Abu Ishaq al-Syathibi dalam kitabnya al-muwafaqat membagi mubah
kepada tiga macam:
Ø Mubah yang berfungsi untuk mengantarkan seseorang pada sesuatu
hal yang wajib dilakukan. Misalnya makan dan minum hukumnya mubah, namun
mengantarkan seseorangsampai ia mampu mengerjakan kewajiban-kewajiban yang
dibebankan kepadanya seperti sholat dan mencari rizki. Mubah yang seperti ini
bukan berarti dianggap mubah dalam hal memilih makan atau tidak makan, karena
meninggalkan makan sama sekali dalam hal ini akan membahayakan dirinya.
Ø Sesuatu baru dianggap mudah bilamana dilakukan sekali-sakali,
tetapi haram hukumnya bila dilakukan setiap waktu. Misalnya bermain,
mendengankan musik.
Ø Sesuatu yang mubah yang berfungsi sebagai sarana untuk mencapai
sesuatu yang mubah pula. Misalnya membeli perabot rumah untuk untuk kepentingan
kesenangan. Hidup senang itu hukumnya mubah dan untuk mencapai kesenangan itu
memerlukan seperangkat persyaratan yang menurut esensinya harus bersifat mubah
pula, karena untuk mencapai sesuatu yang mubah tidak layak denag menggunakan
sesuatu yang dilarang.[11]
B. Hukum Wadh’i
Hukum wadh’i trbagi menjadi tiga.
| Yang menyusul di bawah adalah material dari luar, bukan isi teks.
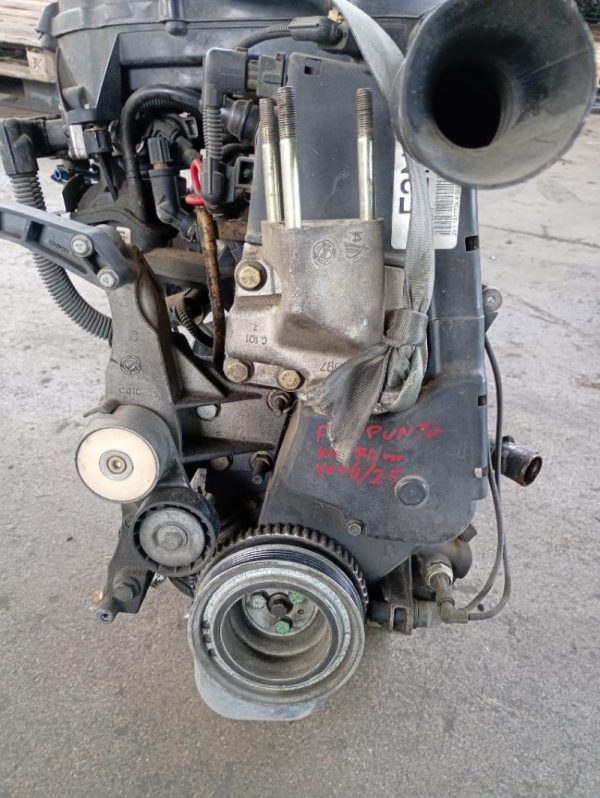 Motore Fiat Punto 188A4000 154.000 KM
Berdasarkan penelitian, telah
ditetapkan bahwa Hukum Wadh’i adakalanya menjadikan sesuatu sebagai:
· Sebab
· Syarat
1. Sebab
Sebab menurut bahasa
berarti,”sesuatu yang bisa menyampaikan seseorang kepada sesuatu yang lain”.
Menurut istilah Ushul Fiqh, seperti dikemukakan oleh Abdul Karim Zaidan, sebab
yaitu: “sesuatu yang dijadikan oleh syari’at sebagai tanda bagi adanya hukum,
dan tidak adanya sebab sebagai tanda bagi tidak adanya hukum”.[13] Misalya,
tindakan perzinahan menjadi sebab (alasan) bagi wajib dilaksanakan hukuman atas
pelakunya, tindakan perampokan sebagai sebab bagi kewajibannya mengembalikan
benda yang dirampok kepada pemiliknya, melihat anak bulan Ramadan
menyebabkan wajibnya berpuasa. Ia berdasarkan firman Allah SWT yang artinya,
“ Oleh itu, sesiapa dari antara kamu yang menyaksikan anak bulan
Ramadan (atau mengetahuinya), maka hendaklah dia berpuasa bulan itu…”(al-Baqarah:
185).
2. Syarat
Hukum wad'i yang kedua adalah syarat. Syarat secara bahasa
yaitu, “sesuatu yang menghendaki adannya sesuatu yang lain” atau “sbagai
tanda”. Sedangkan menurut istilah Ushul fiqh sprti dikemukakan oleh Abdul Karim
Zaidan syarat adalah: “sesuatu yang tergantung kepadanya ada ssuatu yang lain, dan
berada di luar dari hakikat sesuatu itu”. Seperti: wudhu
adalah syarat bagi sahnya sholat apabila ada wudhu maka sholatnya
sah, namun adanya wudhu belom pasti adanya sholat, adanya pernikahan merupakan
syarat adanya talaq, jika tidak ada pernikahan maka tentu saja talaq tidak akan
terjadi.
Para ulama Ushul Fiqh membagi syarat kepada dua macam:
Ø Syarat
syar’i, yaitu syarat yang datang langsung dari syari’at sendiri. Contoh,semua
syarat yang ditetapkan olh syar’i dalam perkawinan, jual beli,hibah, dan wasiat.
Ø Syarat
ja’li, yaitu syarat yang datang dari kemauan orang mukalaf itu sendiri. Cotoh
Syarat yang ditetapkan suami untuk menjatuhkan talaq kepada
istrinya dan ketetapan majikan untuk memerdekakan budaknya. Artinya
jatuhnya talaq atau merdeka itu tergantung pada adanya syarat, tidak
adanya syarat pasti tidak akan ada talaq atau merdeka. Bentuk
kalimat talak adalah sebab timbulnya talaq, tetapi jika telah memenuhi
syarat. [14]
3. Mani’ (penghalang)
Mani’ adalah sesuatu yang adannya meniadakan hukum atau
membatalkan sebab. Dalam suatu masalah, kadang sebab syara’ sudah jelas dan
memenuhi syarat-syaratnya, tetapi ditemukan adanya mani’ (penghalang) yang
menghalangi konsekuensi hukum atas masalah tersebut. Sebuah akad misalnya
dianggap sah bilamana telaah memenuhi syarat-syaratnya dan akad yang itu
mempunyai akibat hukumselama tidak terdapat padanya suatu penghalang(mani’).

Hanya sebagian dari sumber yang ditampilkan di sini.